Project Leader: Leah Keshet (Professor), Mathematics, UBC
Phone Number:604-822-5889
Fax Number: 604-822-6074
E-mail Address: keshet@math.ubc.ca
Web Page: http://www.math.ubc.ca/~keshet/keshet.html
Project Description
Over the past years, our team has been working on deciphering the causes, and
investigating interventions for diseases such as Alzheimer's Disease, Diabetes, and blood
disorders such as leukemia, in addition to our effort
in modelling and understanding the mechanisms of certain hormonal rhythms
such as GnRH secretion.
Our research spans molecular,
cell, tissue, and population levels. It is characterized by
application of mathematical and physical (quantitative) methods to
biological and biomedical areas. Most of our projects are driven by
experimental data generated by collaborators of this team. Some projects
involve gaining a better understanding of basic scientific problems at the
foundation of cell and molecular biology.
In partnership with MERCK, we (Keshet, Coombs, Das, Bailey) have been analysing the dynamics of a potential
inhibitor of amyloid-beta
for treatment of Alzheimer's Disease. This year, we prepared our results for publication, joint with Merck scientists. In previous years, we designed a simulation model that
incorporated some of the cellular and molecular components of this disease.

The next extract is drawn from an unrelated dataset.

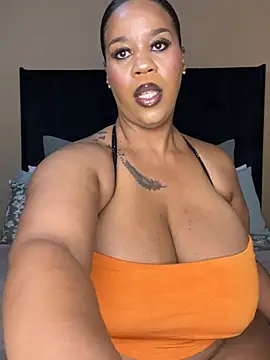 THICKBUNNYCHICKxxx online show from June 2026 07:40:01 PM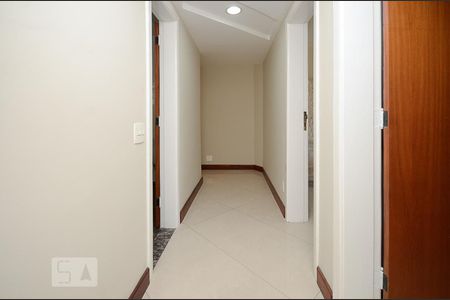 Apartamento à venda com 375m², 5 quartos e 2 vagasBanheiro Corredor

See online simulation of neuroinflammation and senile plaque formation.
We have continued modelling
type 1 diabetes (T1D), a
disease in which the insulin-producing beta cells are targeted and killed by the body's
own defense system. We (Khadra, Keshet) have investigated several aspects of T1D, including
(a) the role of macrophages (scavanger cells that clear dead cells) and defects in their function, (b) the proliferation of T cell clones that kill the insulin-producing beta cells, and (c) processing of self-antigen and its presentation by antigen presenting cells. In a previous year, with J. Mahaffy, we were able to use mathematical analysis to understand why cycles of T-cell levels are seen in circulation before the onset of diabetes in experimental animals (non-obese diabetic mice).
This year, we have analyzed new potential therapies studied experimentally by our collaborator Pere Santamaria (U Calgary).
In
Type 2 diabetes, MSc student James Bailey completed an award-winning
internship (see Awards) at the Children's Hospital in Vancouver, with Dr.
B. Verchere. Bailey investigated the formation of fibers of a kind of toxic protein, Islet Amyloid Poly-Peptide (IAPP) that occurs in the pancreas of Type 2 diabetes patients. His combined laboratory experiments and modelling led to better understanding of the growth of these fibers, with a view to possible treatments.
We are also developing other immunology projects.
We (Coombs, Das, Dushek, Bailey) perform research into basic
immunological questions concerning
T cell activation by antigen-presenting-cells.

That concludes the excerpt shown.